In 1973, the Appeal abandoned Box 601 for yet another because it needed an even larger box.
In any event, Mighels himself had been dead over 10 yeas when box 601 came into the Appeal’s possession. Further, all of his mail seen by this writer was simply to him by name in Carson City, with neither street address nor box numbers.
Today, with the existence of a sound court system and well-staffed, well educated lawmen and court officials, there is no genuine excuse for hanging justice. But, in an 1875 frontier community like Carson City, desperate situations called for desperate measures. With a firebug running amok and tinder-dry buildings, the “601” was a viable solution and Burt’s shocking death successfully halted the long string of arson attacks.
Harry had seen his beloved community snatched from the jaws of inevitable disaster. Therefore, his less-than tacit approval of the vigilante action was understandable. Indeed, his opinion was probably that of the community’s greater majority. But by simply approving of the deed, he doesn’t necessarily prove himself a part of it.

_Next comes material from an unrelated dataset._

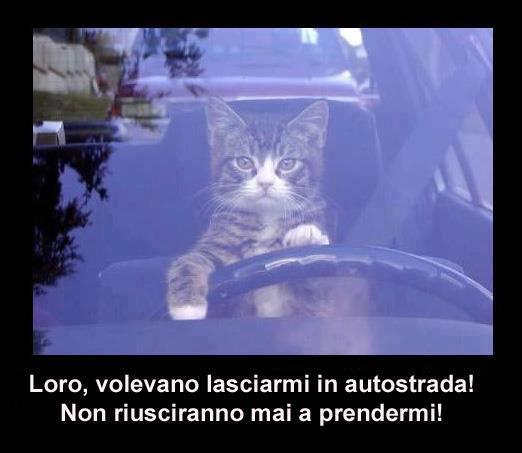 Immagine Divertente - 09/03/2013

One more interesting point that discredits the possibility of Harry’s complicity is the fact that he offered news space to print an “explanation” from the “601.” It was never printed.
If Harry had been a member or, worse, a participant, he would not have had to depend on second-hand information and official statements to write his articles. Further, he would have found it simple enough to come up with a policy statement form the “601” and not have to ask for (and then not get) such a document.